Czy bichon frise szczeka, jak wszystkie inne, małe rasy?
W myśl złotej zasady, gdy nie wiesz co odpowiedzieć, najbezpieczniej dla ciebie, gdy powiesz – to zależy! Niestety w tym przypadku, jest to prawdziwa odpowiedź, a nie unik. A to dlatego, że pomimo, iż rasę tę zdecydowanie zaliczam do nieszczekających, zdarzają się odstępstwa od tak zwanej normy.

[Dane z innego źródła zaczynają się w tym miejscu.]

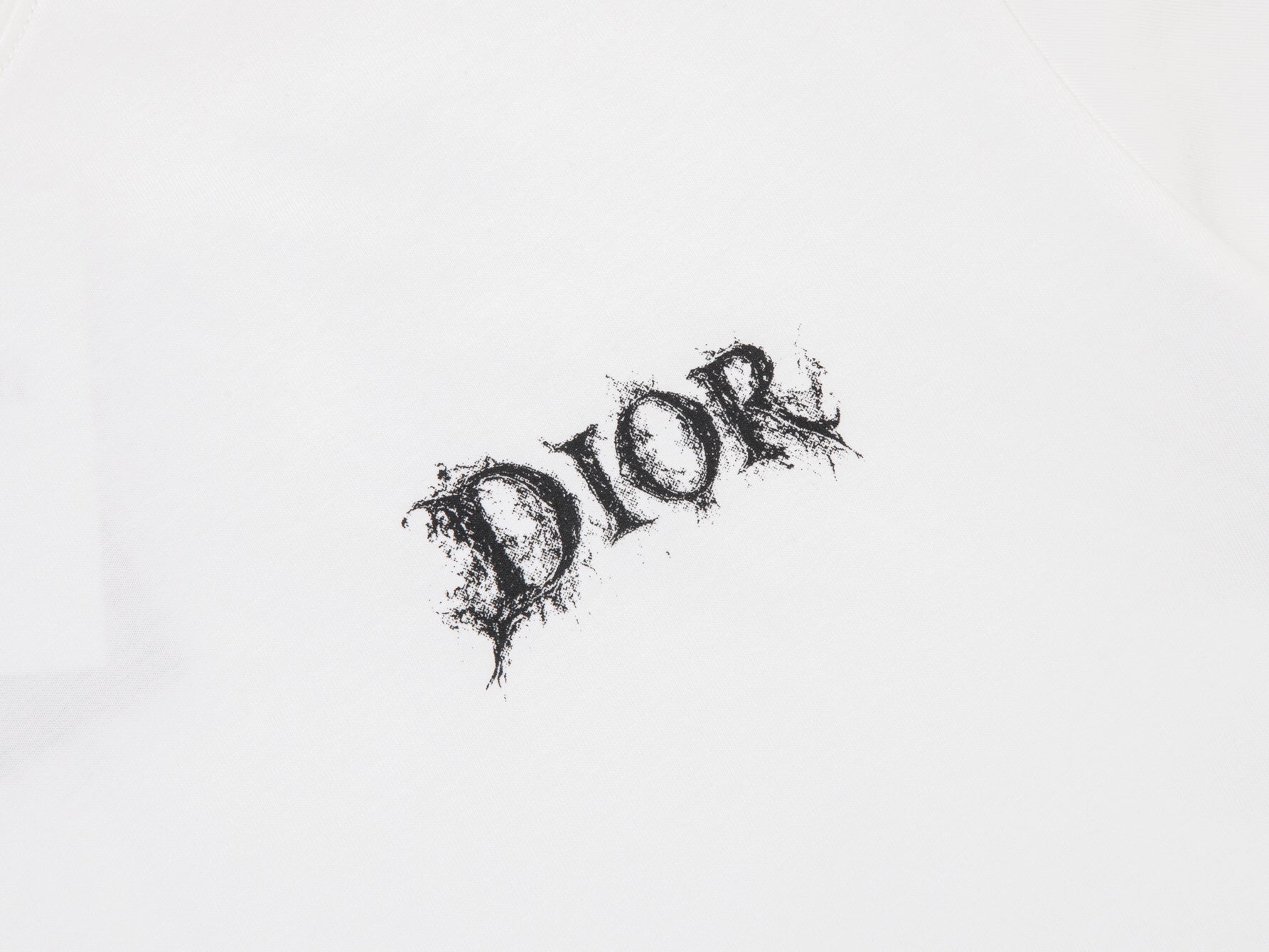 DIOR Classic Leather Patch Embroidered T-Shirt – Unisex Luxury Cotton | Sizes S–XL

Z reguły bichony frise to psy, które ze zdziwieniem patrzą na szczekacze wokół i zastanawiają się o co chodzi. Ale ma to miejsce tylko wtedy, gdy odpowiednio od maleńkości są wychowane. Zawsze podkreślam i podkreślać będę, że dla psa kluczowe znaczenie ma hodowla i warunki w niej panujące, ale o tym zdecydowanie dłużej w innym artykule.

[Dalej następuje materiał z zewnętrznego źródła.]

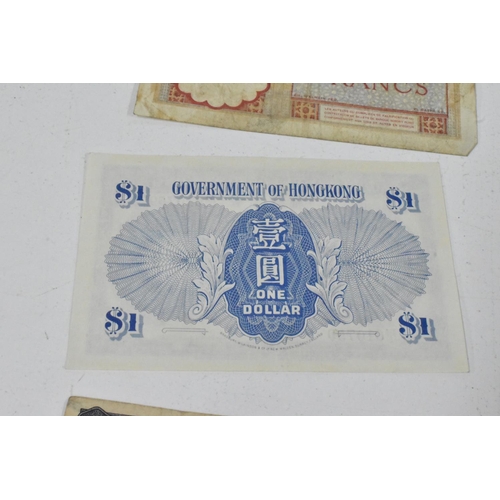 99 - Banknotes - A collection of 19th Century and later banknotes from around the world to include, Georg...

Jeżeli bichon frise jest wychowywany w zdrowej, spokojnej, kochającej atmosferze, wyrośnie na spokojnego osobnika, który nie będzie rozdygotany i krzykliwy, ponieważ takowych tendencji genetycznie w sobie nie ma. Jeżeli wyjdzie z hodowli nie daj Boże klatkowej, pełnej krzyku, złości i fałszywych do zwierząt uczuć, to będzie zlękniony, niepewny i będzie ze strachu reagował szczekaniem.

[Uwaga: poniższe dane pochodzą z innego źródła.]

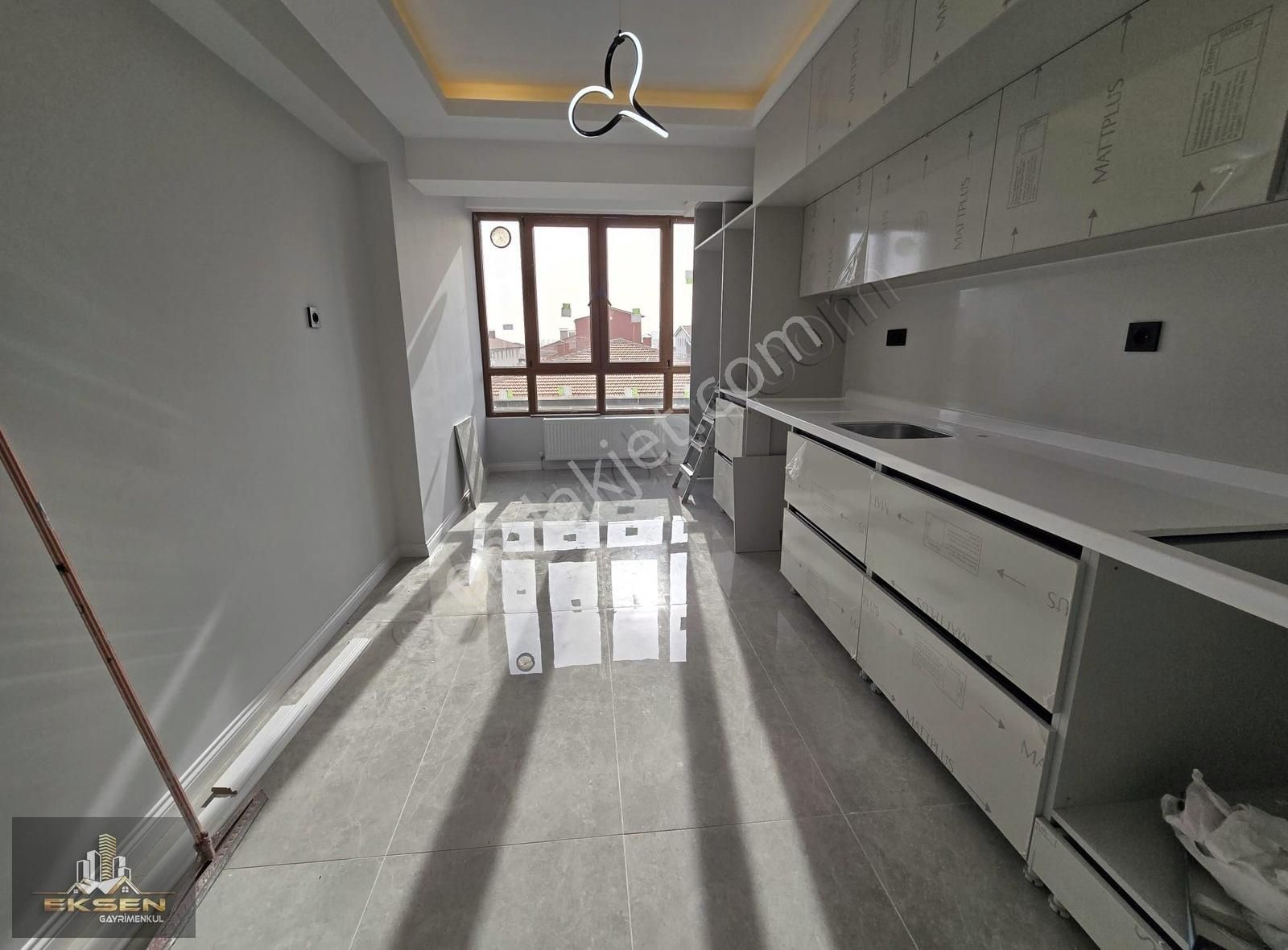 Celal Esat Arseven Caddesine Çok Yakın 3+1 Full Yapılı Masrafsız - Görsel 6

Warto jednak podkreślić, że pomimo iż bichony do krzykaczy z reguły nie należą, to są bardzo czujne i gdy coś je zaniepokoi, podnoszą tak zwany raban. Może złodzieja wyglądem nie przestraszą, ale właściciela zdecydowanie obudzą, co uważam za szalenie istotne, po pies i tę funkcję swą, a jakże pierwotną! , w rodzinie, spełniać powinien!